Segundo a pintora, ela pediu a dois amigos que moravam em Belo Horizonte que fotografassem o espaço expositivo e que individualmente enviassem as cópias por correio. Ao recebê-las, percebeu que a coloração das fotografias eram diferentes: um lote de imagens tinha uma tonalidade esverdeada — e outro lote, rosada. Isso deu a ela a ideia de pintar o mesmo espaço — a mesma imagem repetidas vezes — em tonalidades diferentes até chegar ao branco. A artista pinta a partir de cinco gamas de cor (preto, azul, verde, rosa, sépia e amarelo), tornando-a cada vez mais esbranquiçada, até quase desaparecer. Como numa tabela de cores, a pintora muda a tonalidade de cada quadro sempre procurando, por fim, uma tela, pelo menos, quase branca. Para Marilice seria, o processo inverso da pintura: a imagem é construída com cor vibrante e contraste e ela vai sobrepondo camadas e camadas de tonalidades cada vez mais claras,

[...] até que a imagem quase desapareça — ou seja, pintar e pintar para fazer desaparecer em um processo quase de reversão, de volta ao ponto de origem, à tela em branco (2009: 100).

Questões fotográficas importantes são incorporadas ao trabalho de pintora nesta obra a partir dessa percepção sobre a cor: a temperatura de cor das lâmpadas do ambiente fotografado, a cor resultante da impressão no laboratório fotográfico que cada amigo utilizou e o tipo de superfície de papel fotográfico empregado.

Como relata Marilice Corona em sua tese (2009: 94):

As cópias que recebi apresentavam quatro importantes diferenças: a primeira, relativa à cor, [...]; a segunda, relativa à característica do papel (as esverdeadas eram brilhantes, e as rosadas eram foscas); a terceira, relativa à luz, uma vez que as fotografias foram tomadas em dias e iluminação distintos; e, por último, a diferença das dimensões. Somado a isso, no intervalo de tempo entre as duas sessões, o espaço de exposição havia sido reformado e apresentava novos elementos arquitetônicos e de iluminação do local. A iluminação das primeiras imagens era de luz fria, fluorescente, e nas últimas a luz era natural e incandescente. Assim, mesmo capturadas de um mesmo ponto de vista, as imagens apresentavam fortes diferenças de cor e tonalidades relacionadas a uma série de variáveis.
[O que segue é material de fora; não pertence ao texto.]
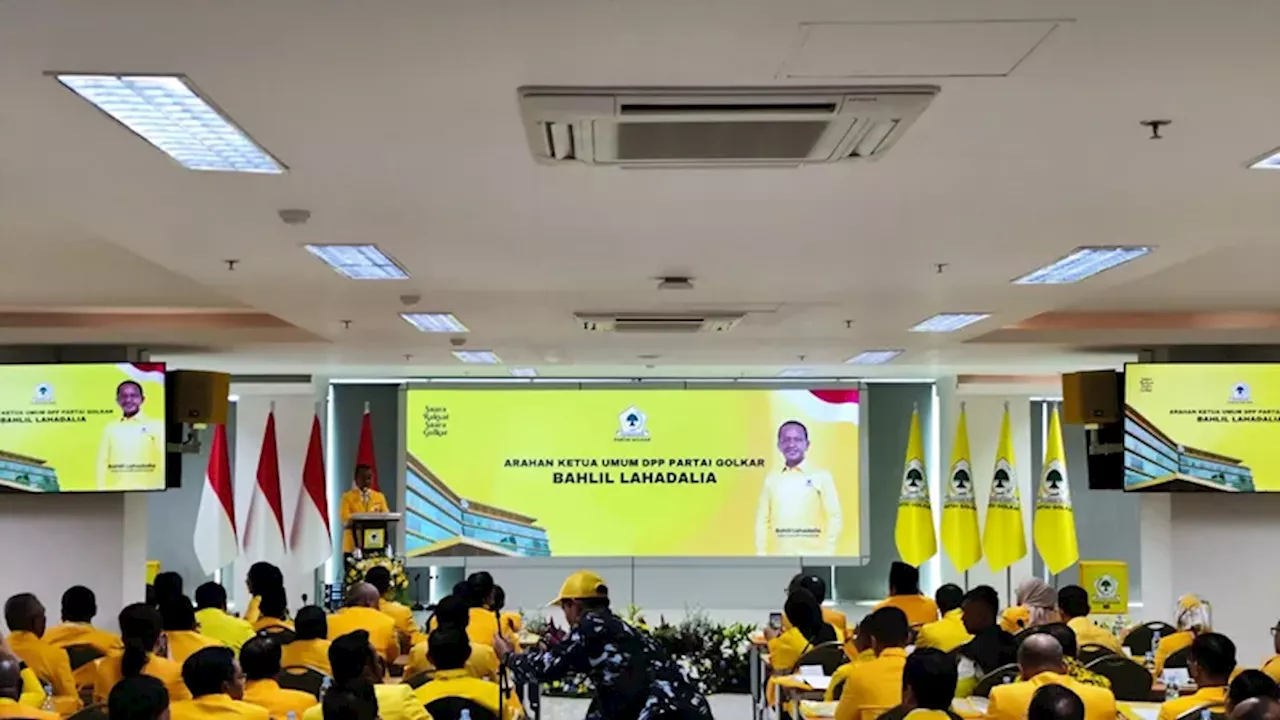 Bahlil Tegaskan Dukungan Golkar ke Pemerintah tak hanya Omon-Omon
Estas diferenças percebidas serviram de mote para introduzir em minha pintura novas questões relativas à cor.

Marilice convoca teoricamente o texto de Arlindo Machado A Fotografia como expressão do Conceito, para explicar como se dá o comportamento fotográfico em relação à cor; em particular, cita a passagem em que o autor, também se depara com as limitações impostas pelos meios técnicos na reprodução da cor verde, vista durante uma viagem sua à Patagônia. O autor descreve a limitação do filme (película fotográfica) de registrar a cor de uma paisagem. Também descreve a padronização de uma cor, como o verde, independente de onde está sendo tomada a imagem, pois os “verdes Kodacolor se repetem de forma regular e previsível em todas as fotos obtidas nas mesmas condições-padrão” (Machado, 2000: 5). Mas Marilice está ciente das questões técnicas do meio fotográfico, que nem sempre o artista não “fotógrafo” percebe: como a temperatura de cor das lâmpadas dos ambientes fotografados e a diferença entre marcas de papéis coloridos fotográficos e suas superfícies — que vão “despadronizar” a reprodução de uma mesma imagem.

Como afirma Corona:

A redução de cor em minhas pinturas está vinculada, em primeiro lugar, à inversão operada em meu próprio processo, ou seja, à contraposição do colorido de minha série anterior; em segundo, ao estatuto dado à cor na linguagem da pintura; e, em terceiro, que é o que nos interessa para o momento, à relação entre a cor da cópia fotográfica, suas variações e implicações quando transposta para a pintura. Com relação a este aspecto, minha intenção é estabelecer a autorreferencialidade tornando visível a conexão entre a pintura e seu documento de trabalho. Desse modo, ela se refere à própria imagem que lhe dá origem, às suas qualidades e convenções (2009: 90).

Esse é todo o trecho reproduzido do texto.